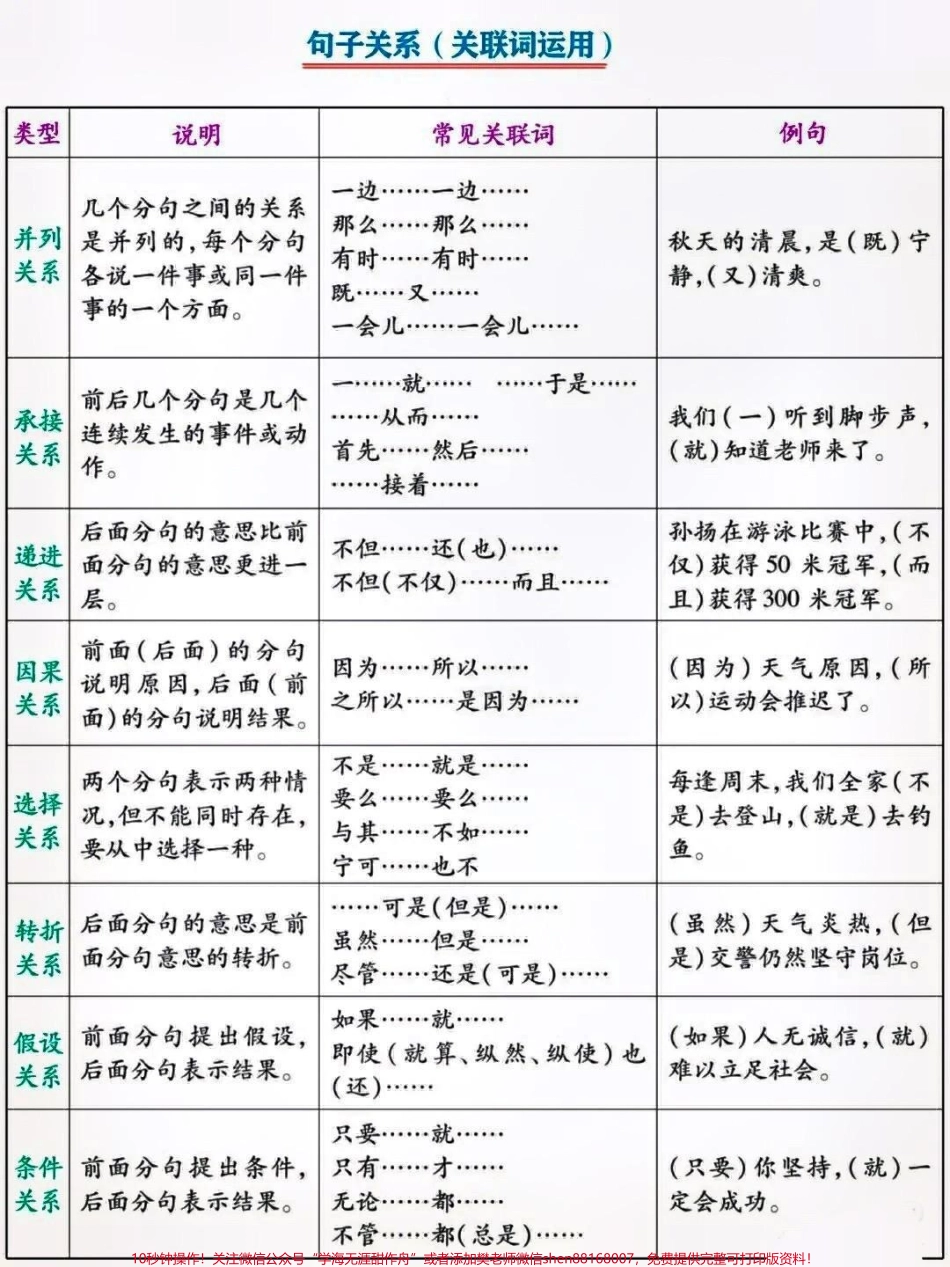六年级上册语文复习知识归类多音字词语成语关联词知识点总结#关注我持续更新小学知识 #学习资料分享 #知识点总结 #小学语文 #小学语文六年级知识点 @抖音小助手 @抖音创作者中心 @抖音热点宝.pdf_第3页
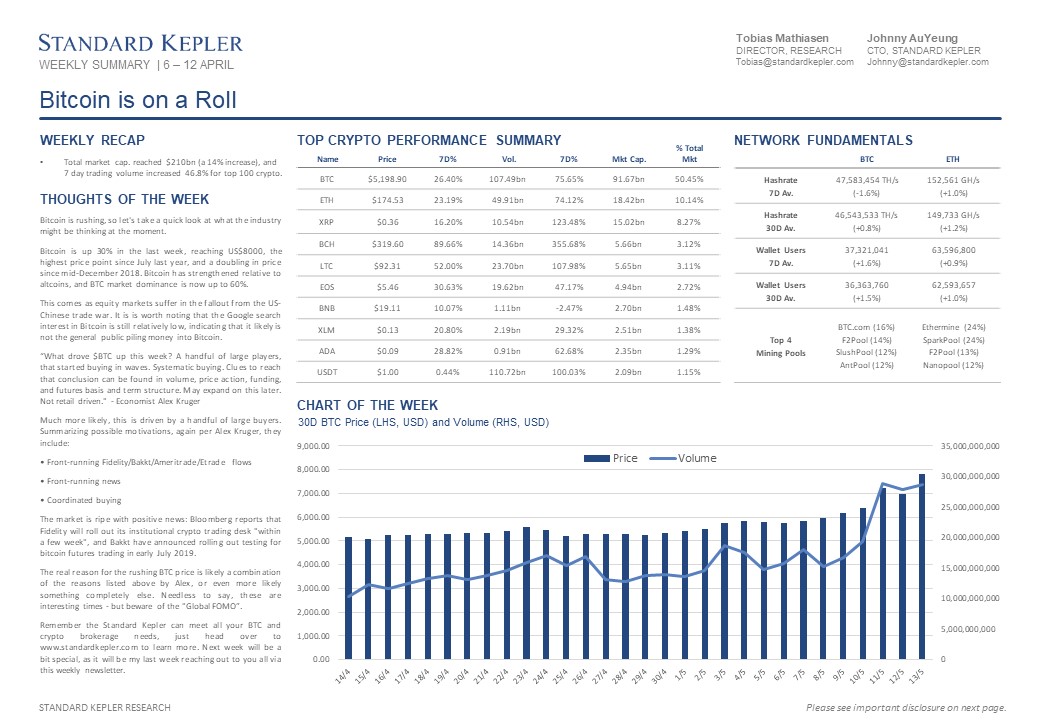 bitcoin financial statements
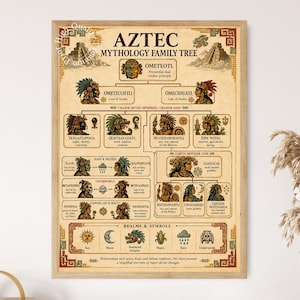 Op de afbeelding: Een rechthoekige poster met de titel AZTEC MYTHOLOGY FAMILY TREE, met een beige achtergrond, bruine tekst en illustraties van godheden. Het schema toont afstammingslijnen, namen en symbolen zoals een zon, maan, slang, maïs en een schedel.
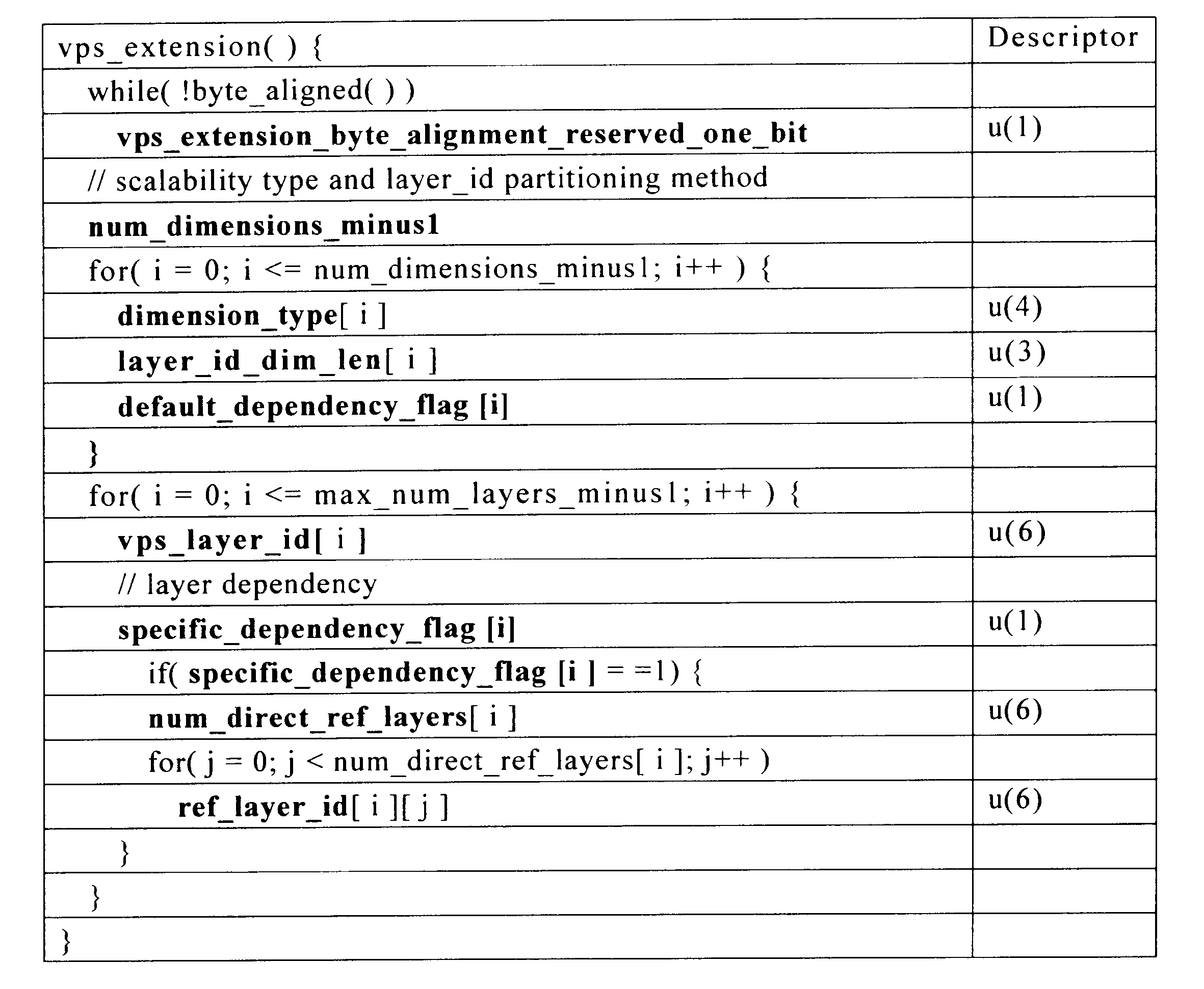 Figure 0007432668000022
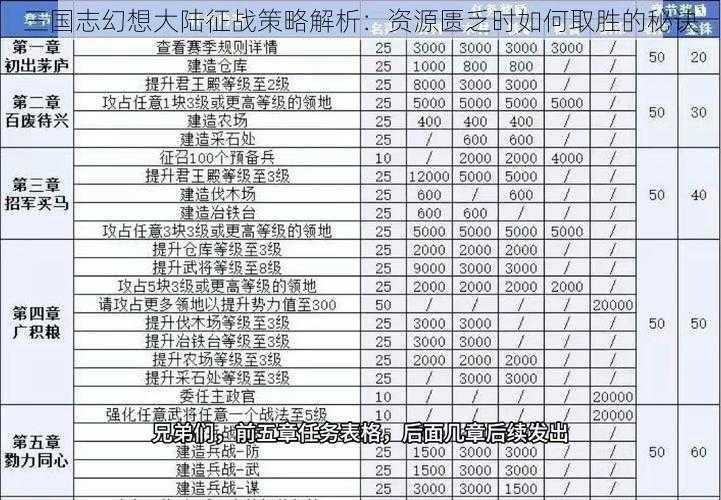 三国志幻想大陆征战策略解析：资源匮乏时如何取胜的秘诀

************

◆ **Directions for this task**
The task calls for every line of the data to be returned exactly, without pictures.

◆ **Task response**
六年级上册语文复习知识归类多音字词语成语关联词知识点总结#关注我持续更新小学知识 #学习资料分享 #知识点总结 #小学语文 #小学语文六年级知识点 @抖音小助手 @抖音创作者中心 @抖音热点宝.pdf_第3页
 bitcoin financial statements
 Op de afbeelding: Een rechthoekige poster met de titel AZTEC MYTHOLOGY FAMILY TREE, met een beige achtergrond, bruine tekst en illustraties van godheden. Het schema toont afstammingslijnen, namen en symbolen zoals een zon, maan, slang, maïs en een schedel.
 Figure 0007432668000022
 三国志幻想大陆征战策略解析：资源匮乏时如何取胜的秘诀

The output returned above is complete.